A few weeks ago, romance once again stalked me at the Save A Lot. Yes, it's been a while since that fateful New Year's Day when a woman followed me through the store, proclaimed me to be SO PRETTY, and stroked my arm. But a potential new significant other has once again appeared upon the horizon.
This one was of the male persuasion. There I was, boxing my reasonably-priced foodstuffs at the long counter under the front window. Out of the corner of my left eye, I spied a wiry little hillbilly. His hairstyle would best be described as Eddie Van Halen in his medium-length era, only dirty-blond (the color, not the cleanliness quotient). Little Hillbilly's country ensemble was composed of the requisite white wife-beater, a pair of nondescript jeans, and white leather hightop sneakers, the style of which was popular in the 1980s. His height brought him a bit past my shoulder.
At first I assumed he wanted to grab a plastic bag. I was blocking one of four bag-dispensers. There was a lady on the back side of me at another one. But two were still available to my left. Little Hillbilly held out his hand. I glanced his way. He was proffering money! Paper money! I met his gaze.
"Oops! Sorry! I thought you were someone else."

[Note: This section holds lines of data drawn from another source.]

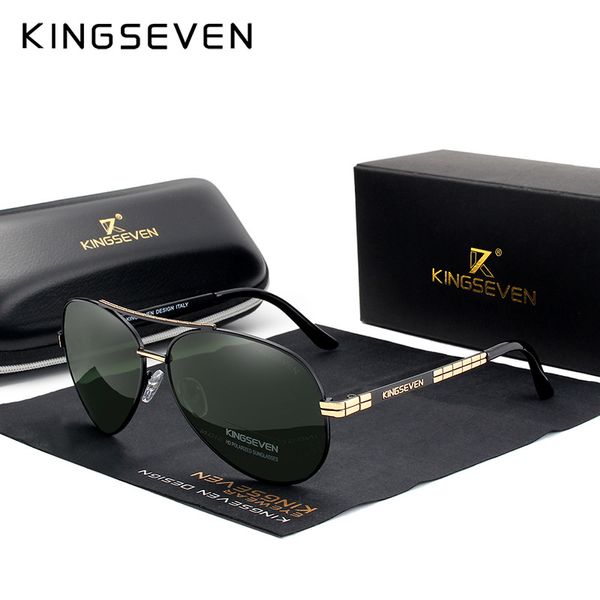 

kingseven design men's glasses pilot hd polarized sunglasses for men/women driving sun glasses with emboss logo oculos de sol t200106, White;black
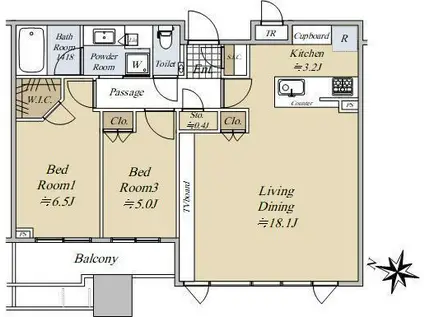 シティタワー大井町(2LDK/28階)の間取り写真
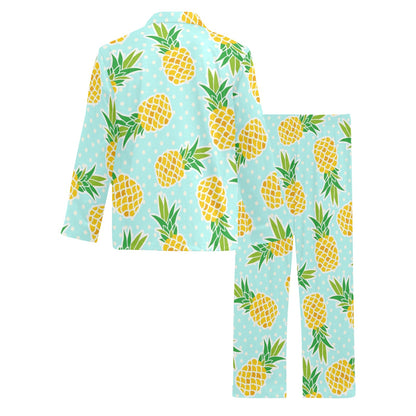 Pineapple Pattern Print Design PP01 Men's Long Pajama Set
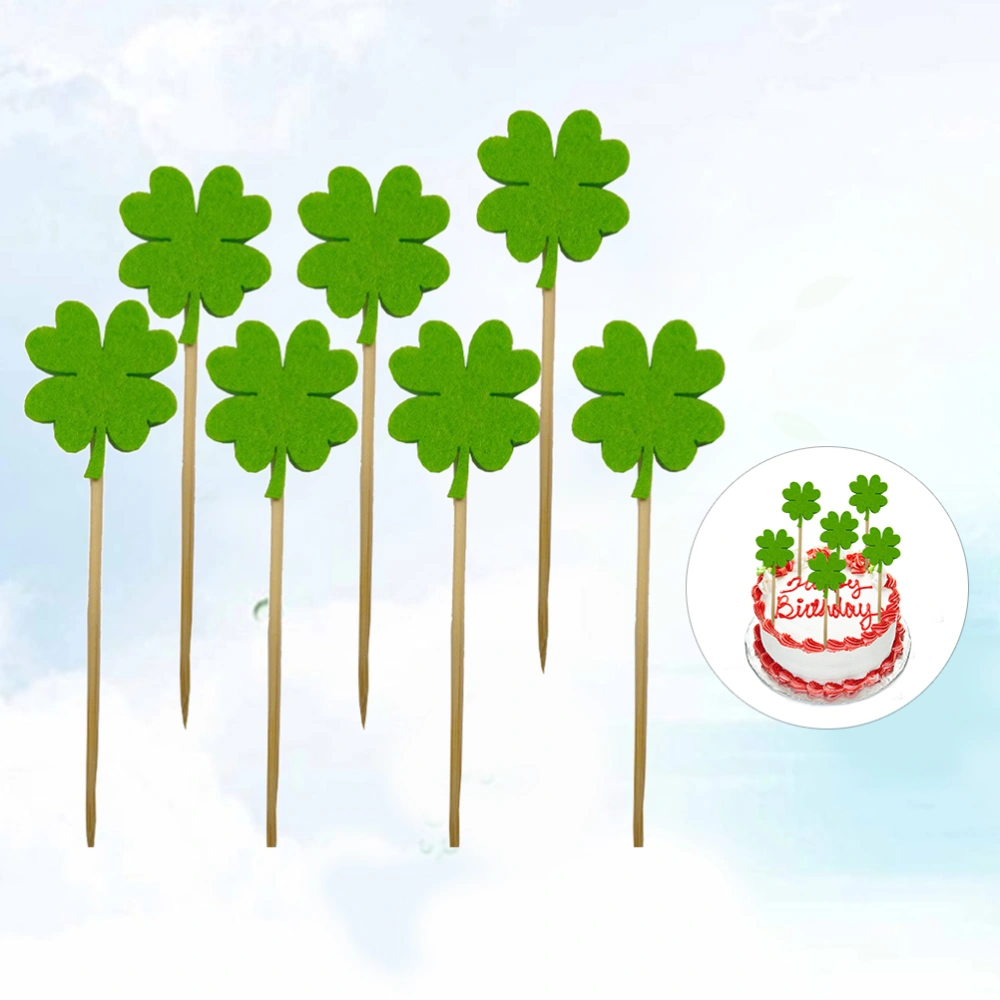 12pcs Clover Cake Topper Wedding Birthday Cake Topper Party Decoration Cake Toppers (Green)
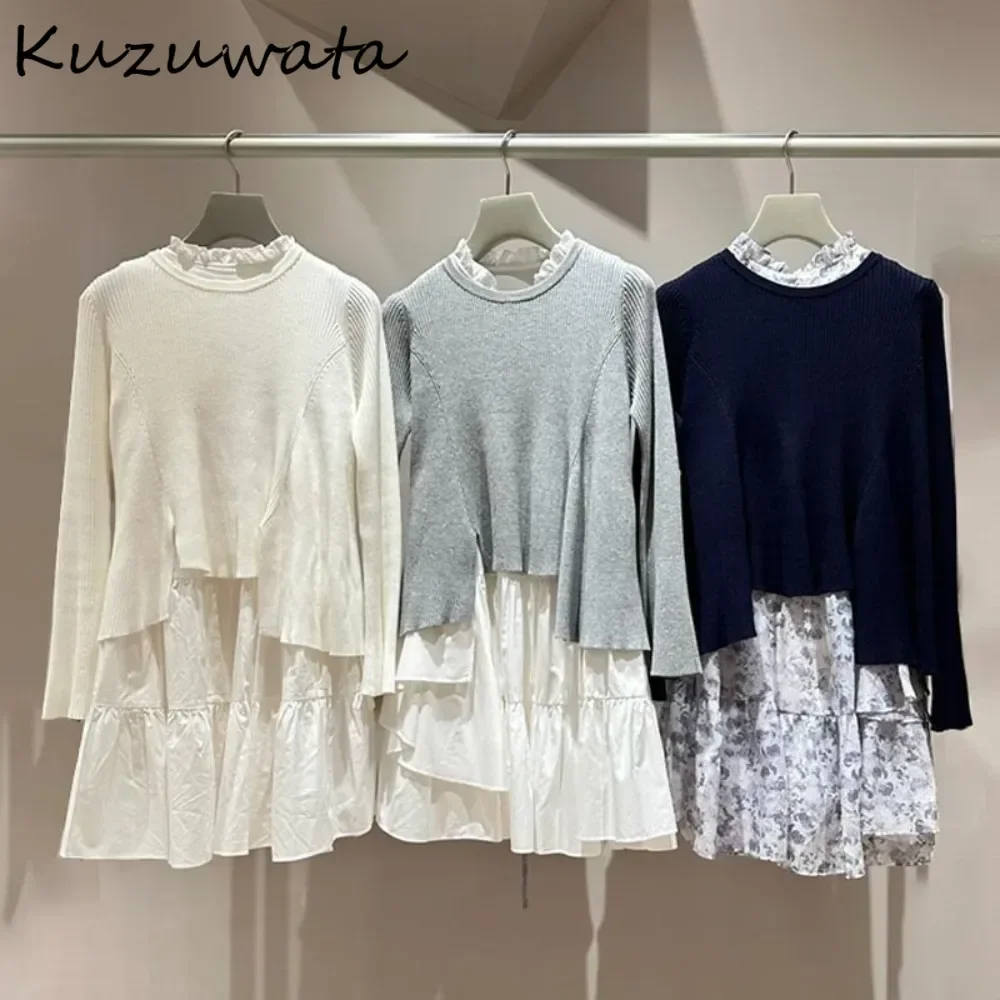 Kuzuwata Gentle O Neck Flare Sleeve High Waist Mujer Patchwork All-match Elegant Fresh Dress Japan New Irregular Cake Femme Robe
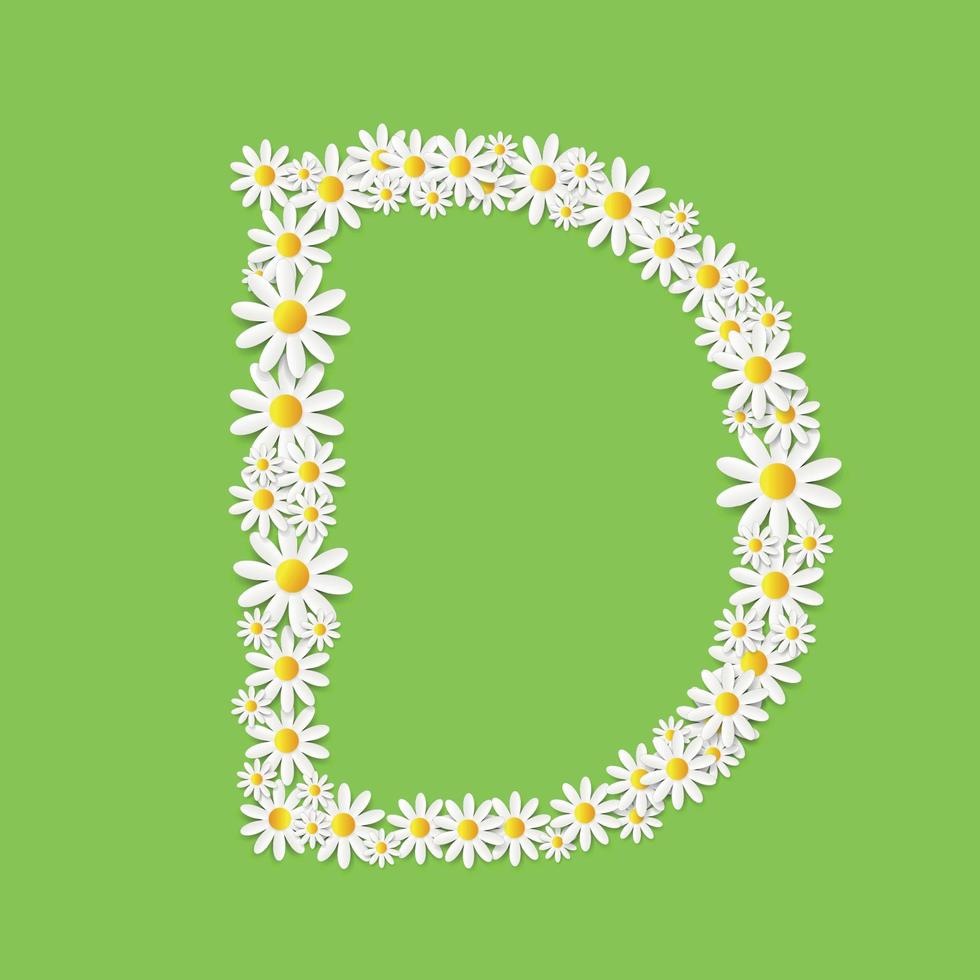 Flora Daisy Design Alphabet Vector Illustartion
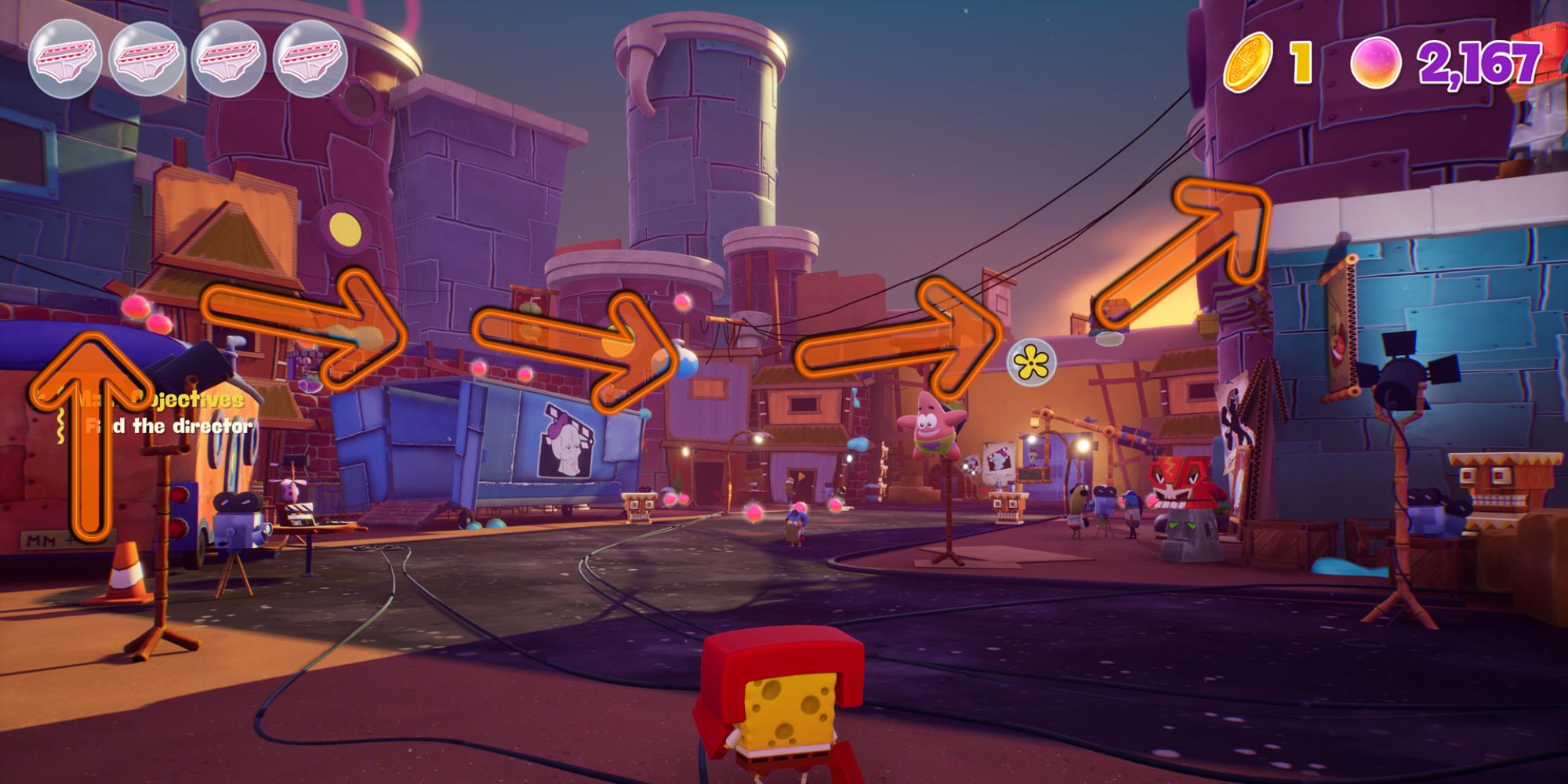 SpongeBob Cosmic Shake Screenshot Of Arrows Showing Karate Downtown Route To Spot Hiding Spot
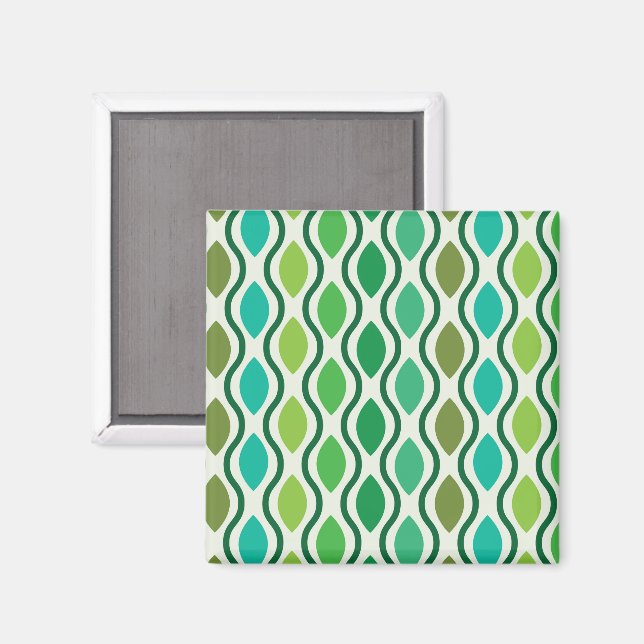 Imã Ovalos Geométricos Verde Azul Médio Século  (Front/Back)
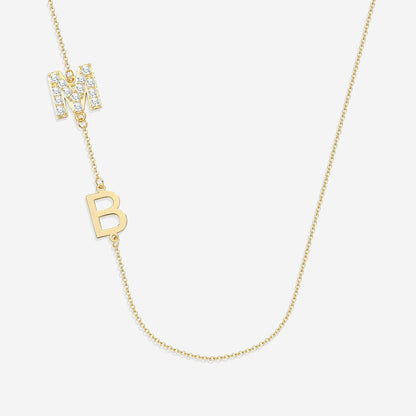 Custom Diamond & Gold 2 Initial Necklace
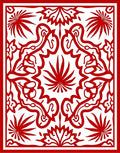 Crimson Floral Medallion Arrangement Rug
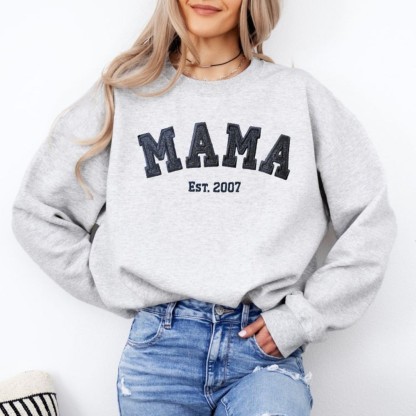 Custom Embroidered Glitter Vinyl MAMA Sweatshirt-Gift For Mom & Grandma Mother's Day Gift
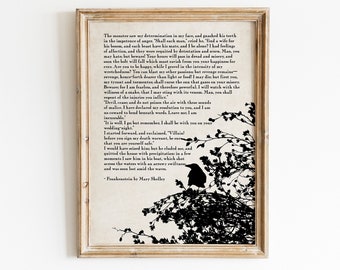 PRINTABLE Frankenstein Quote Print - Gothic Horror Literature Poster - Mary Shelley Wall Art  - English Major Graduation, Teacher Gift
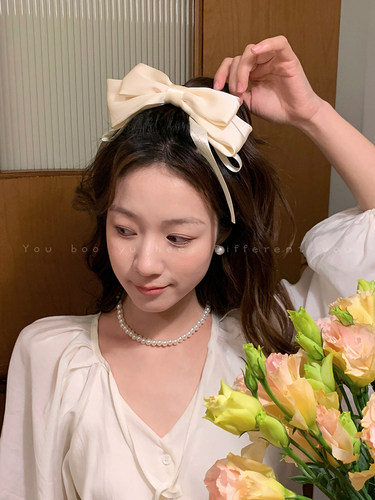 白色飘带大蝴蝶结发夹女后脑勺发卡半扎发头饰2026新款高级感发饰 - 图2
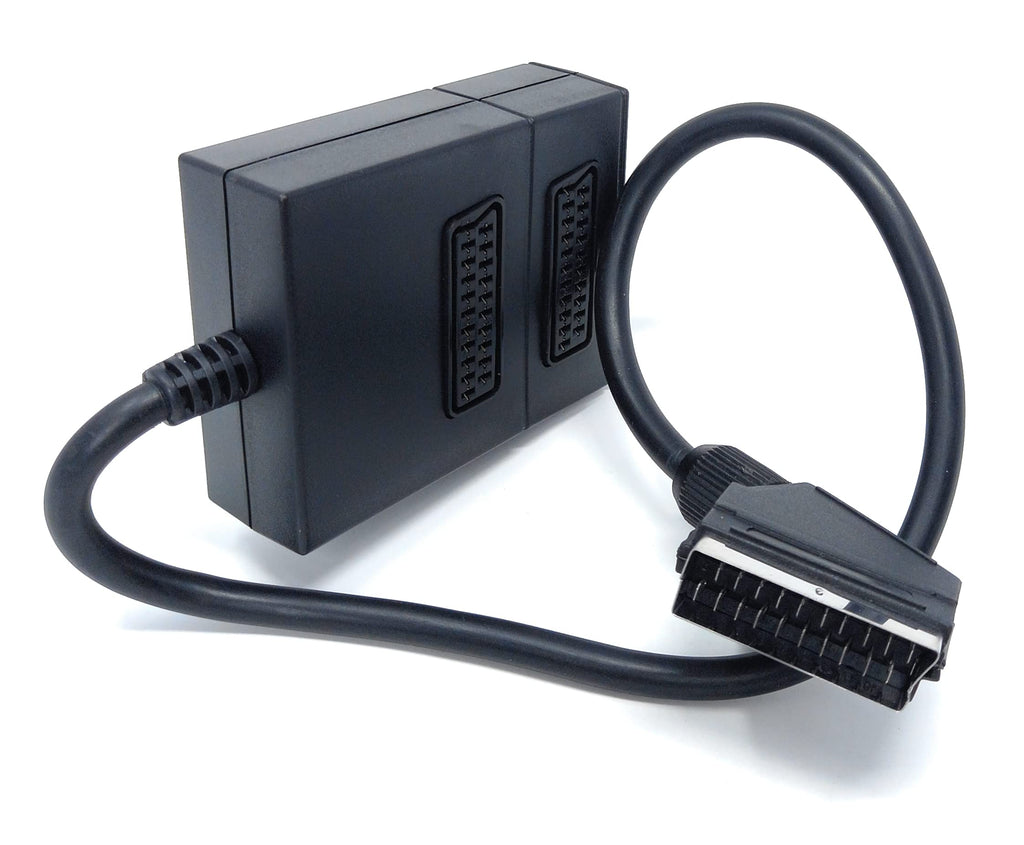 DRUT Scart Splitter Box Video Cable Adapter for TV, DVD, VHS, Game Console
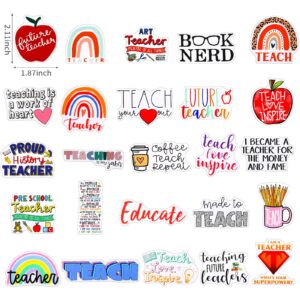 Sabary 100 Pcs Teachers' Day Stickers Waterproof Teaching Decals Teacher Appreciation Stickers for Adult Teacher Stickers for Laptop Inspirational Quotes Stickers for Water Bottle Scrapbooking Journal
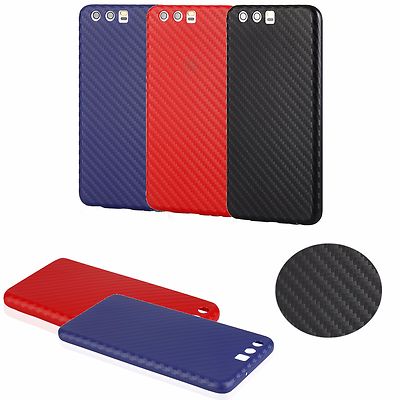 ^ Tasche Back Case Hülle Etui Flip Cover ULTRA SLIM CARBON PC Huawei P10 Lite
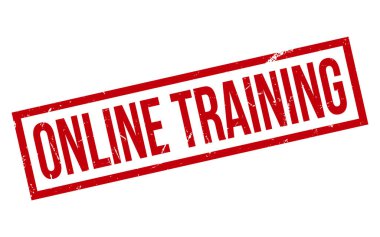 Kırmızı Çevrimiçi Eğitim Kauçuk Mühür Vektörü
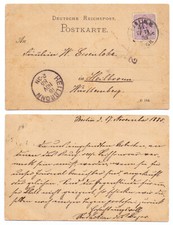 100141 - Mi.Nr. 40 - Postkarte - Berlin 17.11.1885 nach Heilbronn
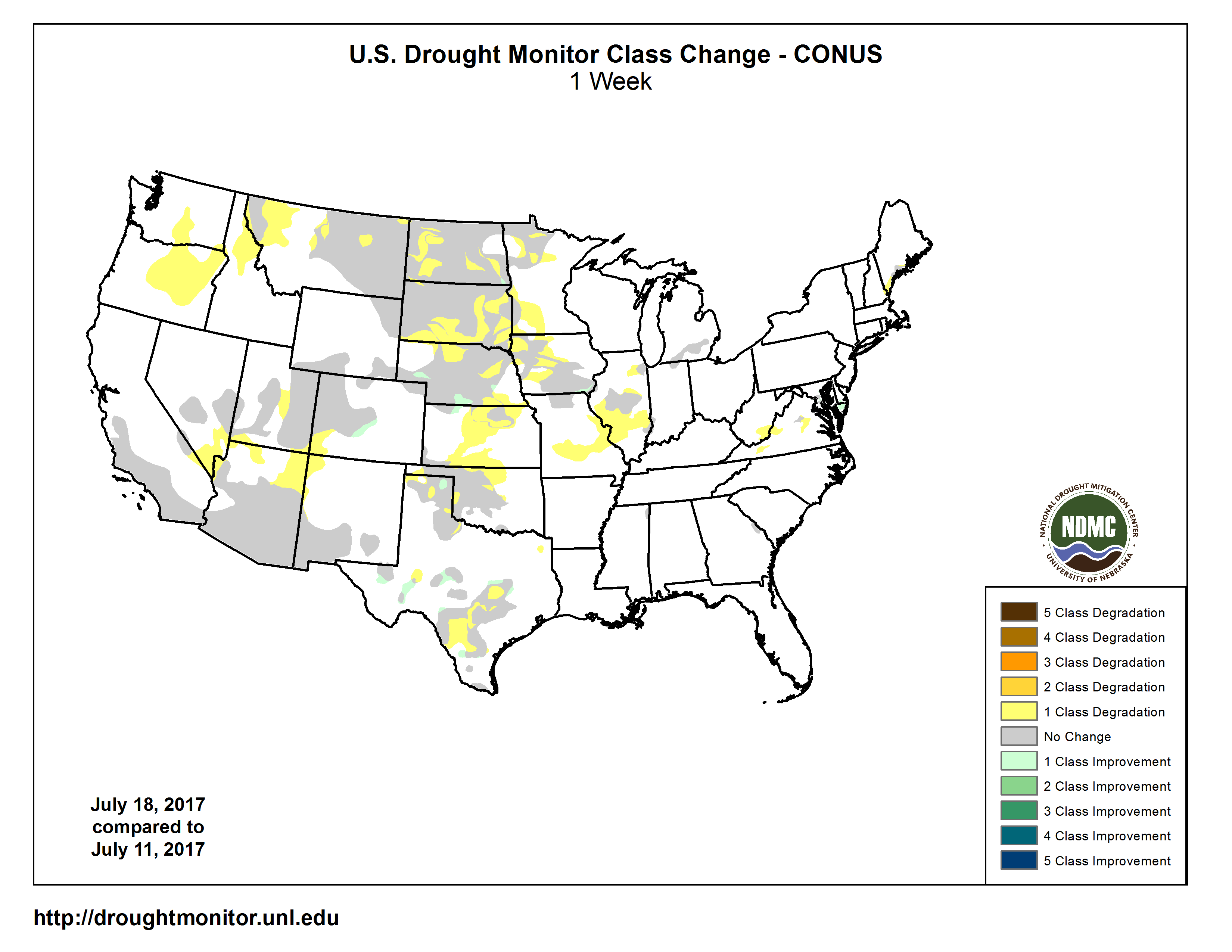 MAP Drought Change July 18 - NDMC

Was that some kind of pickup line? Was he mistaking me for a prostitute? Was he a chubby-chaser? A future country singer with a rap sheet a mile long wishing me to be the Lib Hatcher to his Randy Travis? Little Hillbilly was a congenial dude. He chuckled at himself.
"Here we go." He went to the lady behind me. She might have been his mom. Or his Lib Hatcher. He handed her the money. And apologized again. "I really need to watch what I'm doing. Heh, heh."
I really need to start wearing my wedding ring when I shop at Save A Lot.